The Finnish Institute of International Affairs in cooperation with the Centre for EU-Russia Studies (University of Tartu) and Chatham House (UK) will hold an international conference aimed at taking stock of Russian politics a year after the return of Putin. Researchers from Russia and Europe will analyse key developments in Russia's domestic politics, defence and security and foreign policy to determine what, if anything, has changed in Russia over the past 12 months.
9.30 – 9.40 Welcoming words
9.40 – 9.55 An opening address
10.00 – 12.00 Panel 1: Russian society
Presentations will focus on
12.00 – 13.30 Lunch break
13.30 – 14.50 Panel 2: Security and Defence
1) Reform of the armed forces, Mr Alexander Golts, Debuty Editor-in-Chief, Ezhednievnyi Zhurnal
15.10 – 17.00 Panel 3: Foreign Policy
1) Russia's evolving view and discourse of the West, Prof Viacheslav Morozov, CEURUS, University of Tartu
Opening and panel 1
The seminar was opened by representatives of the three organizing institutes – Dr Teija Tiilikainen, Director of the Finnish Institute of International Affairs; Professor Vyacheslav Morozov, Head of the EU-Russia Studies Programme at the University of Tartu; and James Nixey, Head of the Russia and Eurasia Programme at the Chatham House.
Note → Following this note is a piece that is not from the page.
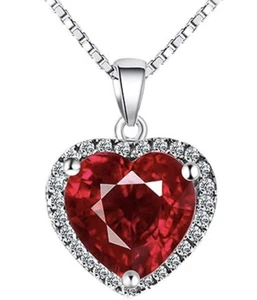 Woman necklace 925 Sterling Silver 18k White Gold Plated 3.7ct Heart Ruby UK - Picture 1 of 2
After initial words of welcome, Mr Nixey continued with his opening address. He referred to the title of the seminar, stating that Putin 3.0 is about ideological restoration, whereas Putin 1.0 was about political and Putin 2.0 about economic restoration. The basic thesis of Mr Nixey’s address was that domestic and foreign politics in Russia are intertwined. In domestic politics there have been a growing number of repressive measures. Yet in foreign policy there has been a change of style and means, but the strategic objectives and mentality have remained the same. Even three of the most important events of the past five years – the war with Georgia, the global financial crisis and the US-Russia reset – did not change the game. Russia thinks that its foreign policy is working, so there is no pressure to change it anytime soon. When it comes to western countries’ policies towards Russia, Nixey would like to see more unification and coherence, and that Russia should be held accountable for the agreements it has made. Essentially, there should be a series of principles for dealing with Russia which the West ought to be able to agree on. This is tricky, however, since economics matters so much in western foreign policy making, that countries are often not willing to reject Russian money. A little more honesty – even a little less diplomacy – might help in the long run. There are a number of disingenuous rhetorical phrases used by both Russia and the West which help obscure a poor relationship. These should be regarded with great scepticism and those who use them should be challenged.
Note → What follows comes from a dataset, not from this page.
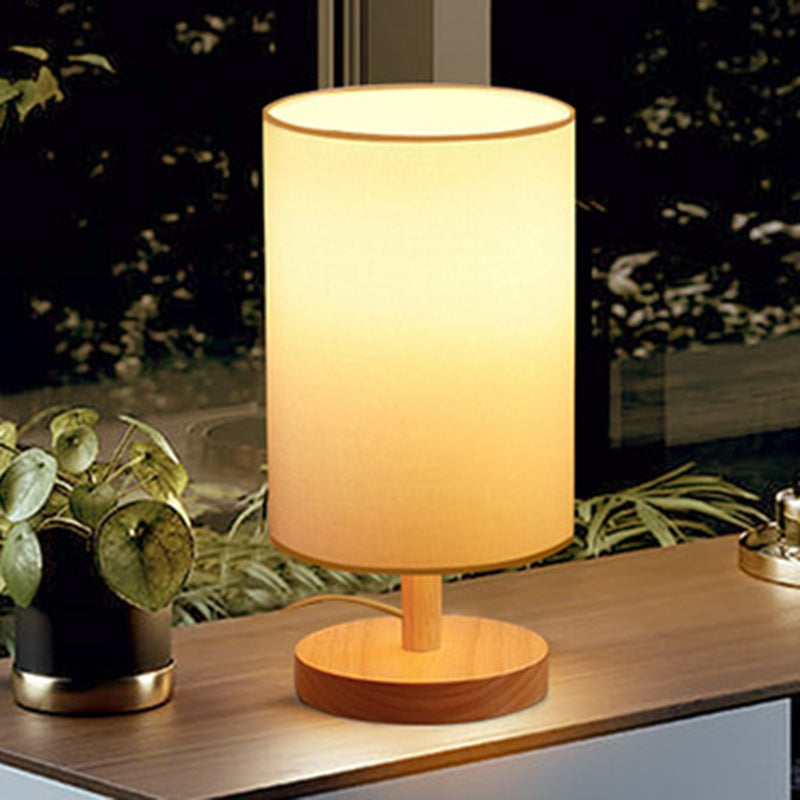 Hjemix | Tradisjonell japansk sylinder trestoff 1-lamps bordlampe for stuen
The next speaker was Denis Volkov, researcher at the Levada-Center, Moscow. He presented results of recent public opinion polls carried out by the Center. The polls show that there is gradual but steady growth of dissatisfaction with the government, the ruling political party and the president. Putin is seen having done more good than bad during his rule, but the majority wants a new president to be elected. However, the polls also show that in people’s mind there is no real alternative candidate who would be well-known and popular enough. The emergence of such a candidate is not possible in the current political context, where the access to the political sphere is controlled by the government, opposition is marginalized, the state-run TV channels are the main source of information for most of the population, political participation is shallow and governmental accountability is weak.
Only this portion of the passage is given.